Scientists do experiments with all sorts: semiconductor lasers, low temperature helium, … babies. There is a paper in last week’s Science by Gweon and Schulz on reasoning in (16-month old) babies. Scientists can reason, at least I hope I can. If my mobile is inert, I check the battery isn’t flat by plugging it in and charging it. I do this because this the common cause of my phone going into inert-brick mode. I can tell you this and so demonstrate my reasoning power to you because I can type. Babies cannot type, so how can you find out if they can reason or not?
An answer is the in the paper (sadly behind a paywall, sorry). The answer is to do an experiment in which you play a trick on a baby (or 83 babies in their case). A bit mean, but only a little bit. The scientists took a green toy with a button on top. They rigged it so that when they pressed the button the toy made a sound, but not when the baby did the same thing.

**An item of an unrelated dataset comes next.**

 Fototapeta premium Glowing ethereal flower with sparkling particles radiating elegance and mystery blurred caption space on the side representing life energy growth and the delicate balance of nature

They then pressed the button to show the baby it made a noise and then either handed either it, or a different and yellow toy to the baby. Like the green toy this yellow toy had a button but was deliberately broken. In each case there was a red toy placed near the baby.
So in each case the baby presses the button but there is no sound. What does the baby do next?
There are two scientific hypotheses available to the baby: 1) The toy has broken and no longer makes a sound. 2) The toy works but the baby is pressing the button in the wrong way. The first point is that if the baby goes for hypothesis 1) they should try another toy: the red toy deliberately put near them. But if they go for 2) they should pass the toy to their parent to get them to press the button the right way.
The second point is that 1) is less likely if the baby is handed the green toy that made a noise just before it was handed to them, than if they are handed a red toy that they did not see making a noise. A rational scientist would go for 2) if handed the green toy while 1) and 2) are both reasonable if they are handed the yellow toy.
Gweon and Shulz found just this behaviour with babies. We are all born scientists, it must be later cultural influences that make some of us go and become lawyers, etc.